**PROBLEM TO SOLVE**
Could you copy every record below exactly as it stands?

**TASK MATERIAL**
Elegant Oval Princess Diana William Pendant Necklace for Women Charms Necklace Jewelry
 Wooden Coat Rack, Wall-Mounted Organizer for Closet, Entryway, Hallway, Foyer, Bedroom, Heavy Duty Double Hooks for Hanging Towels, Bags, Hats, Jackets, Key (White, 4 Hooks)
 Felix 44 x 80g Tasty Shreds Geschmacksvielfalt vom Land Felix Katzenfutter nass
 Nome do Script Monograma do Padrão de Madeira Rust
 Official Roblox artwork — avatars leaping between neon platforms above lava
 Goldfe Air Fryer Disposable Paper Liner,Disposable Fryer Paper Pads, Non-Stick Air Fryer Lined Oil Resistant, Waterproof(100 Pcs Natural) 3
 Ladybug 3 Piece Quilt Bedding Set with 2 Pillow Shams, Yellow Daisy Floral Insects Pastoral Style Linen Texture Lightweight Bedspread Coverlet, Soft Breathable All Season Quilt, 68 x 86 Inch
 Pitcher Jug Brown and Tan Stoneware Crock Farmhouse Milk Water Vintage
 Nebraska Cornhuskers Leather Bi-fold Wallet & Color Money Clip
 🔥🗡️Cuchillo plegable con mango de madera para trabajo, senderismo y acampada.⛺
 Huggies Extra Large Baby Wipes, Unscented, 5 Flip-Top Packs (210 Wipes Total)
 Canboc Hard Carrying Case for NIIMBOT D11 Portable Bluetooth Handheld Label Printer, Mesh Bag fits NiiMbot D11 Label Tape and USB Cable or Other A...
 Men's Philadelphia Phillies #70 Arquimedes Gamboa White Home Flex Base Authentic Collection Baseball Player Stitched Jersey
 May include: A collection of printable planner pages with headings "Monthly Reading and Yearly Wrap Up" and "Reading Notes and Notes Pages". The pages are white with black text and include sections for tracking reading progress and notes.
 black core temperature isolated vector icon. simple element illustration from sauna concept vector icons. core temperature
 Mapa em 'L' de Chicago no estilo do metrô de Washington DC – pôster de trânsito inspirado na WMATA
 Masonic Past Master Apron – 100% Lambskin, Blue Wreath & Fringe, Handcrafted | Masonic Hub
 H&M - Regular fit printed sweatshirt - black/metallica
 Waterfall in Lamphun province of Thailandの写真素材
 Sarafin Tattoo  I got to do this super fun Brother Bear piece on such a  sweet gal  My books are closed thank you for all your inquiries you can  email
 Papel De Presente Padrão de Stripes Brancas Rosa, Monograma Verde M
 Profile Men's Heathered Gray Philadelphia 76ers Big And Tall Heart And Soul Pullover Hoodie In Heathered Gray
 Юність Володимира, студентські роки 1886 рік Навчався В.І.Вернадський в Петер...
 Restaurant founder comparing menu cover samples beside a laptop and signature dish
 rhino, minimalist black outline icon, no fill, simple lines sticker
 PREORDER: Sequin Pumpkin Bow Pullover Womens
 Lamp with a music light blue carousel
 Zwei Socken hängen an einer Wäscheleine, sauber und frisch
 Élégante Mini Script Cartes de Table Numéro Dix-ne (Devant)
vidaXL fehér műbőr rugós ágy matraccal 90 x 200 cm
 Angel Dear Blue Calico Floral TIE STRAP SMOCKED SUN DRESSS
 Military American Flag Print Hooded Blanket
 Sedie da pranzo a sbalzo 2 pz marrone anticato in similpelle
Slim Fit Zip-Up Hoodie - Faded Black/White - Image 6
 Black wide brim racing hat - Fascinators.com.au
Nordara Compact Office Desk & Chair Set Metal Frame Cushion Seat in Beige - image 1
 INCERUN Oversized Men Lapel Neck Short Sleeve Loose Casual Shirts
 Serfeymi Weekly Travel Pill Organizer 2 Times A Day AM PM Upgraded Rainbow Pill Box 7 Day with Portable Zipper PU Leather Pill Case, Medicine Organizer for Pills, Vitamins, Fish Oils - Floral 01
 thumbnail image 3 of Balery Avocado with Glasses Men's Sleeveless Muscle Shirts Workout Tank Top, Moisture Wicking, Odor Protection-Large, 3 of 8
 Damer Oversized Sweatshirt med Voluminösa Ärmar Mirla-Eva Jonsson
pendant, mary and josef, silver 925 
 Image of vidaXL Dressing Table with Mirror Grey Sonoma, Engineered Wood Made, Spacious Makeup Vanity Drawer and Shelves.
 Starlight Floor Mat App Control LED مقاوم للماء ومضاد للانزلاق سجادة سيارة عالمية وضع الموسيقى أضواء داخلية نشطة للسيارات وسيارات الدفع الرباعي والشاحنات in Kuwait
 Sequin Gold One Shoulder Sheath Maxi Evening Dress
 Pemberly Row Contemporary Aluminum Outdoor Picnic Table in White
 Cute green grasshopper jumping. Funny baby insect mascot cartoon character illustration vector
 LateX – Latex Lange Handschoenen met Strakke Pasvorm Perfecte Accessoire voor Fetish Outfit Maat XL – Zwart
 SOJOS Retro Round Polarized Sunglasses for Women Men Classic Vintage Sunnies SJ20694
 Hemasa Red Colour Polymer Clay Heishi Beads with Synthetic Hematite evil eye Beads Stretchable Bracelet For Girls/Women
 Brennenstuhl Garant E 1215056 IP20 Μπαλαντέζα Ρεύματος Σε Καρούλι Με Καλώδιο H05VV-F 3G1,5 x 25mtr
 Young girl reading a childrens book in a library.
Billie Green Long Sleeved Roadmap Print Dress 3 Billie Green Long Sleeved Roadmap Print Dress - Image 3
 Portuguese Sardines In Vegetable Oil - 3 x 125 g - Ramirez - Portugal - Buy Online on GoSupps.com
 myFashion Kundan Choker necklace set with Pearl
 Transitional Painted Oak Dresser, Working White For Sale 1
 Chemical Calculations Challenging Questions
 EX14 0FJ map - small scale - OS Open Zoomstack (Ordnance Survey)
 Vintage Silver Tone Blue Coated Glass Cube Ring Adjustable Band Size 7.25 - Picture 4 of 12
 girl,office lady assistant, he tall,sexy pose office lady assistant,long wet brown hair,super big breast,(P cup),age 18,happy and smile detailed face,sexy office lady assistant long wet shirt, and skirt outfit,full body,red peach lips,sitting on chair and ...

**ANSWER TO THIS PROBLEM**
Elegant Oval Princess Diana William Pendant Necklace for Women Charms Necklace Jewelry
 Wooden Coat Rack, Wall-Mounted Organizer for Closet, Entryway, Hallway, Foyer, Bedroom, Heavy Duty Double Hooks for Hanging Towels, Bags, Hats, Jackets, Key (White, 4 Hooks)
 Felix 44 x 80g Tasty Shreds Geschmacksvielfalt vom Land Felix Katzenfutter nass
 Nome do Script Monograma do Padrão de Madeira Rust
 Official Roblox artwork — avatars leaping between neon platforms above lava
 Goldfe Air Fryer Disposable Paper Liner,Disposable Fryer Paper Pads, Non-Stick Air Fryer Lined Oil Resistant, Waterproof(100 Pcs Natural) 3
 Ladybug 3 Piece Quilt Bedding Set with 2 Pillow Shams, Yellow Daisy Floral Insects Pastoral Style Linen Texture Lightweight Bedspread Coverlet, Soft Breathable All Season Quilt, 68 x 86 Inch
 Pitcher Jug Brown and Tan Stoneware Crock Farmhouse Milk Water Vintage
 Nebraska Cornhuskers Leather Bi-fold Wallet & Color Money Clip
 🔥🗡️Cuchillo plegable con mango de madera para trabajo, senderismo y acampada.⛺
 Huggies Extra Large Baby Wipes, Unscented, 5 Flip-Top Packs (210 Wipes Total)
 Canboc Hard Carrying Case for NIIMBOT D11 Portable Bluetooth Handheld Label Printer, Mesh Bag fits NiiMbot D11 Label Tape and USB Cable or Other A...
 Men's Philadelphia Phillies #70 Arquimedes Gamboa White Home Flex Base Authentic Collection Baseball Player Stitched Jersey
 May include: A collection of printable planner pages with headings "Monthly Reading and Yearly Wrap Up" and "Reading Notes and Notes Pages". The pages are white with black text and include sections for tracking reading progress and notes.
 black core temperature isolated vector icon. simple element illustration from sauna concept vector icons. core temperature
 Mapa em 'L' de Chicago no estilo do metrô de Washington DC – pôster de trânsito inspirado na WMATA
 Masonic Past Master Apron – 100% Lambskin, Blue Wreath & Fringe, Handcrafted | Masonic Hub
 H&M - Regular fit printed sweatshirt - black/metallica
 Waterfall in Lamphun province of Thailandの写真素材
 Sarafin Tattoo  I got to do this super fun Brother Bear piece on such a  sweet gal  My books are closed thank you for all your inquiries you can  email
 Papel De Presente Padrão de Stripes Brancas Rosa, Monograma Verde M
 Profile Men's Heathered Gray Philadelphia 76ers Big And Tall Heart And Soul Pullover Hoodie In Heathered Gray
 Юність Володимира, студентські роки 1886 рік Навчався В.І.Вернадський в Петер...
 Restaurant founder comparing menu cover samples beside a laptop and signature dish
 rhino, minimalist black outline icon, no fill, simple lines sticker
 PREORDER: Sequin Pumpkin Bow Pullover Womens
 Lamp with a music light blue carousel
 Zwei Socken hängen an einer Wäscheleine, sauber und frisch
 Élégante Mini Script Cartes de Table Numéro Dix-ne (Devant)
vidaXL fehér műbőr rugós ágy matraccal 90 x 200 cm
 Angel Dear Blue Calico Floral TIE STRAP SMOCKED SUN DRESSS
 Military American Flag Print Hooded Blanket
 Sedie da pranzo a sbalzo 2 pz marrone anticato in similpelle
Slim Fit Zip-Up Hoodie - Faded Black/White - Image 6
 Black wide brim racing hat - Fascinators.com.au
Nordara Compact Office Desk & Chair Set Metal Frame Cushion Seat in Beige - image 1
 INCERUN Oversized Men Lapel Neck Short Sleeve Loose Casual Shirts
 Serfeymi Weekly Travel Pill Organizer 2 Times A Day AM PM Upgraded Rainbow Pill Box 7 Day with Portable Zipper PU Leather Pill Case, Medicine Organizer for Pills, Vitamins, Fish Oils - Floral 01
 thumbnail image 3 of Balery Avocado with Glasses Men's Sleeveless Muscle Shirts Workout Tank Top, Moisture Wicking, Odor Protection-Large, 3 of 8
 Damer Oversized Sweatshirt med Voluminösa Ärmar Mirla-Eva Jonsson
pendant, mary and josef, silver 925 
 Image of vidaXL Dressing Table with Mirror Grey Sonoma, Engineered Wood Made, Spacious Makeup Vanity Drawer and Shelves.
 Starlight Floor Mat App Control LED مقاوم للماء ومضاد للانزلاق سجادة سيارة عالمية وضع الموسيقى أضواء داخلية نشطة للسيارات وسيارات الدفع الرباعي والشاحنات in Kuwait
 Sequin Gold One Shoulder Sheath Maxi Evening Dress
 Pemberly Row Contemporary Aluminum Outdoor Picnic Table in White
 Cute green grasshopper jumping. Funny baby insect mascot cartoon character illustration vector
 LateX – Latex Lange Handschoenen met Strakke Pasvorm Perfecte Accessoire voor Fetish Outfit Maat XL – Zwart
 SOJOS Retro Round Polarized Sunglasses for Women Men Classic Vintage Sunnies SJ20694
 Hemasa Red Colour Polymer Clay Heishi Beads with Synthetic Hematite evil eye Beads Stretchable Bracelet For Girls/Women
 Brennenstuhl Garant E 1215056 IP20 Μπαλαντέζα Ρεύματος Σε Καρούλι Με Καλώδιο H05VV-F 3G1,5 x 25mtr
 Young girl reading a childrens book in a library.
Billie Green Long Sleeved Roadmap Print Dress 3 Billie Green Long Sleeved Roadmap Print Dress - Image 3
 Portuguese Sardines In Vegetable Oil - 3 x 125 g - Ramirez - Portugal - Buy Online on GoSupps.com
 myFashion Kundan Choker necklace set with Pearl
 Transitional Painted Oak Dresser, Working White For Sale 1
 Chemical Calculations Challenging Questions
 EX14 0FJ map - small scale - OS Open Zoomstack (Ordnance Survey)
 Vintage Silver Tone Blue Coated Glass Cube Ring Adjustable Band Size 7.25 - Picture 4 of 12
 girl,office lady assistant, he tall,sexy pose office lady assistant,long wet brown hair,super big breast,(P cup),age 18,happy and smile detailed face,sexy office lady assistant long wet shirt, and skirt outfit,full body,red peach lips,sitting on chair and ...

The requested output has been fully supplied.